What makes this latest manifestation of financial distress so disappointing is that it comes amid signs of a turnaround in the city's fortunes, from a decrease in crime to an upsurge in housing prices.

Clearly, the resurgence is either not all it's been cracked up to be or it's too new and too narrowly focused to offset the effects of widespread poverty.

Just as clearly, it's high time to resurrect some long-neglected ideas for generating money for the city - and float some new ones - that go beyond putting the squeeze on the city's residents and institutions.

Ideas such as some sort of commuter tax.

A study two years by the Johns Hopkins University Institute for Policy Studies estimated that a modest 1 percent income tax on Marylanders who work outside the jurisdiction where they live would net Baltimore about $32 million a year, an amount roughly equal to the projected shortfall in the city's coming budget year.

Because a commuter tax would need General Assembly approval, the idea has long been considered impractical, if not impossible. But one often-noted impediment - the notion that if Maryland had a commuter tax, Washington would impose a tax on commuters into the District of Columbia - has been eliminated: A federal judge threw out last month a lawsuit that sought to give Washington the authority to tax commuters.

And what if instead of a direct tax on commuters, a small portion of state revenues was earmarked for a pool to be divided among jurisdictions, including Baltimore, that provide jobs for large numbers of employees who live elsewhere? Distribution of the money could be modeled on an existing state grant that directs money by formula to the state's poorest jurisdictions.

The Hopkins study that examined the commuter tax estimated that a 1 percent regional sales tax, earmarked for cultural and recreational facilities and modeled after a program in the Pittsburgh area, could save Baltimore $25 million that the city now spends maintaining city parks and museums.

The concept has never taken hold here, mostly because it, too, required state legislative approval. But what if the member jurisdictions of the Baltimore Metropolitan Council - the city and Anne Arundel, Baltimore, Carroll, Harford and Howard counties - each agreed to impose a small local income tax increase - say, a quarter of a percent - to support major cultural attractions that are an asset to the region but are concentrated in the city? The city would still see a net gain.

While we're on the subject, business and political leaders often talk about the need for the region to have a healthy core but do little of substance to back that up. How about a sustained push for tax-base sharing, in which the entire region shares in part of revenue from new developments, as is the case in Minneapolis-St. Paul?

The National League of Cities suggests in its municipal policy recommendations that the federal government pay taxes on its exempt property. In Baltimore, where the federal government has half a billion dollars' worth of untaxed property, that would mean annual revenues of about $12 million. If Maryland paid taxes on its $2 billion worth of exempt city property, that would add $46 million.

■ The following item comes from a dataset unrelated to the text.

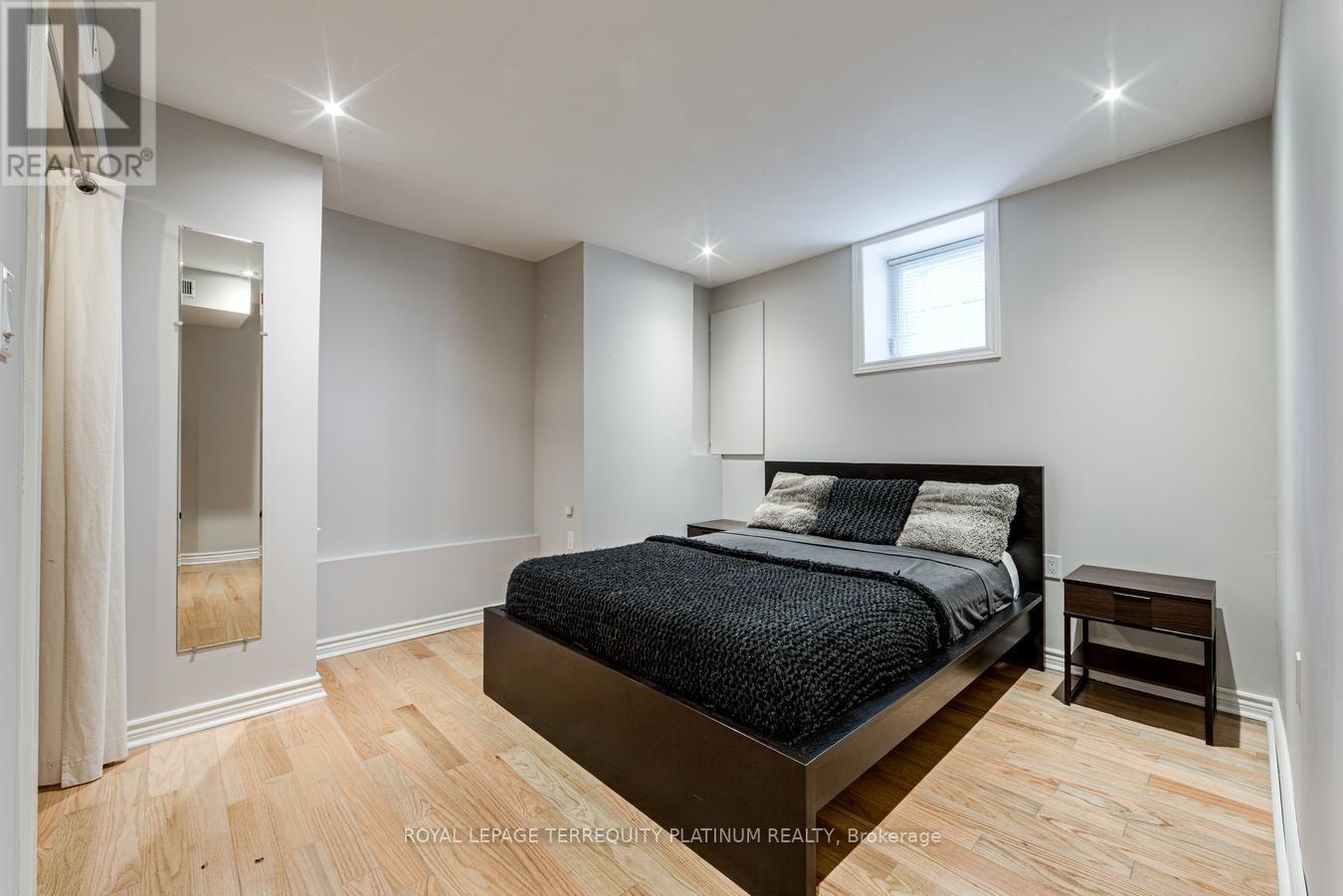 204 ELLERSLIE AVENUE - 26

And what if the state and federal governments gave incentives to people to live in the city, similar to tax breaks routinely offered to businesses. Imagine those governments designating the city a distressed area and giving five-year income tax credits to residents who moved here as renters or homeowners.

A stream of young singles flowing into the city, with college loans to pay off and few if any deductions, could become a torrent. Some might use the savings as down payments on homes, helping to stabilize neighborhoods and increase the property tax base. Empty-nesters, too, would have another reason to move to the city. And Baltimore would still get the benefit of its 3 percent city income tax.

These ideas are controversial and might be costly. But they, and any others, deserve consideration. The alternative is a perpetuation of the springtime budget ritual until everyone is fiscally tapped out, and the city is only marginally better off.

Then what?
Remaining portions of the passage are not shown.